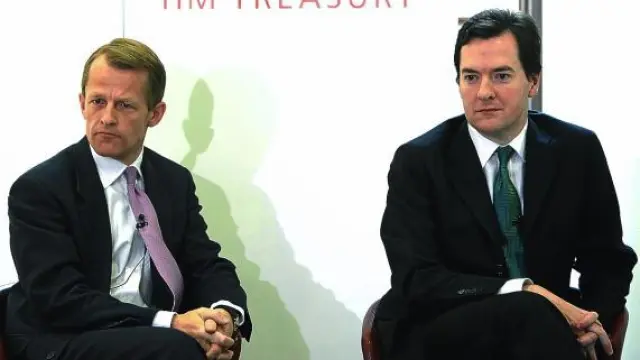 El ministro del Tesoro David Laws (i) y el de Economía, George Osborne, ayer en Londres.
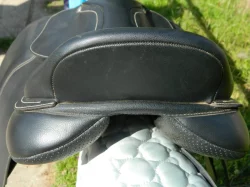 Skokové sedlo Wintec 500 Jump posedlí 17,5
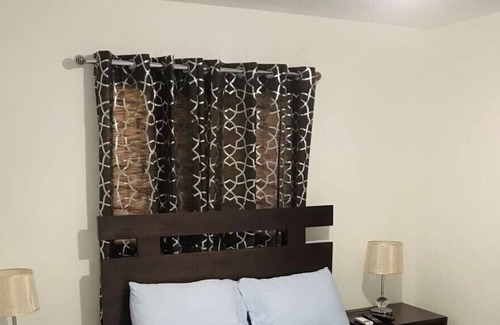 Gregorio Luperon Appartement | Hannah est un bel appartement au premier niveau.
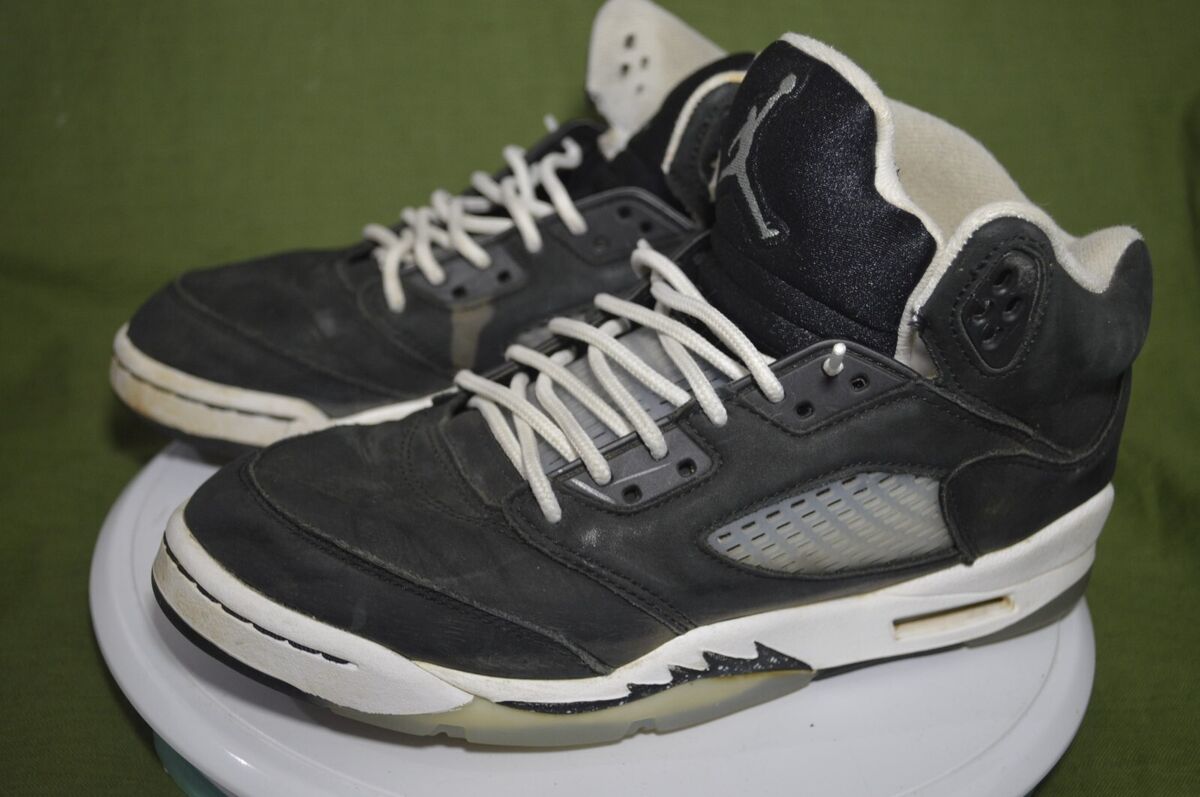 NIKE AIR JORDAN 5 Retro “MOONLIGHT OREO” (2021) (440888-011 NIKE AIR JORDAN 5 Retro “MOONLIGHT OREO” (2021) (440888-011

_Your task:_ Leave every picture out, and reproduce exactly the lines from the line bearing "Gregorio Luperon Appartement" through the closing line of the material above.

_Answer for this exercise:_
 Gregorio Luperon Appartement | Hannah est un bel appartement au premier niveau.
 NIKE AIR JORDAN 5 Retro “MOONLIGHT OREO” (2021) (440888-011 NIKE AIR JORDAN 5 Retro “MOONLIGHT OREO” (2021) (440888-011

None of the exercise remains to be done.